What Do You Really Think About the Piracy Issue?

This guest post is written by Chris R. at CD Baby's DIY Musican blog.

image from diymusician.cdbaby.com Some folks in this over-saturated industry equate music piracy with free promotion, reciting the popular soundbite that “obscurity is a greater danger than theft” (Think of BitTorrent pitching their new Artists Pilot Program as a way to “amp up your audience”). Others regard free file-sharing (particularly the illegal kind) as high treason against the sacred art of music. As with most polarizing debates, the truth and best solutions probably live somewhere in-between the extremes.

In defense of those crying foul, shouldn’t talent and craft be rewarded for its own sake? After all, you don’t expect to hire a contractor to remodel your kitchen and then give him 2 beer tickets as payment. You wouldn’t dream of asking some local kid in your neighborhood to mow your lawn for free.

No. You pay them for their service and then enjoy the fruits of their labor, just like when you buy an album or MP3. You’ve paid the artist (and their label, manager, & distributor), and now you can listen to their work at your leisure. And yet I hear at almost every gig, “Hey man, I love your new album!
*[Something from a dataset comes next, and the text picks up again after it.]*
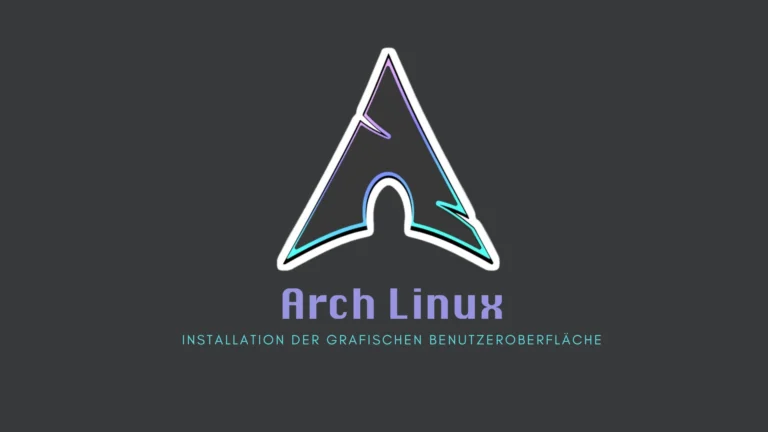 Arch Linux: Installation der grafischen Benutzeroberfläche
I listen to it all the time.” But when I enthusiastically ask them where they got it from, inevitably they say 1) a torrent site or 2) they burned/ripped/transferred it from a friend.

Even worse, they’re ignorant to the fact that their explanation might offend me.

After all, I’ve spent my own money, time, and talent to make the music this person is now enjoying for free.

Paid In Fun Units

A friend of mine often jokes that musicians today are paid in “fun units.”

She thought up this absurd standardized measurement (which takes on a new colorful meaning when abbreviated to “F-Us”) because music consumers often rationalize their voracious illegal downloading (and their resistance to paying an $8 cover-charge at a music venue when they don’t mind spending $50 on booze) by saying “Well, you’re playing music. At least you’re having fun.”

Really? Because I could think of a few other fun things I’d rather be doing with my time than running scales on the guitar and staring at a computer monitor trying to book another tour.

Or perhaps it is the local club owner or booker saying, “We can’t pay you, but you’ll get two drink tickets and the gig will be really fun and a great way to get your name out there.” Granted, they’re running a business too.

But artists need to carefully consider whether these “opportunities” are really just a “fun” way of getting taken advantage of.

People who justify their cheapness by reminding musicians how much FUN we’re having might not always be ill-intentioned, by they are minimizing or altogether ignoring the hard work and creativity that many artists dedicate to their craft.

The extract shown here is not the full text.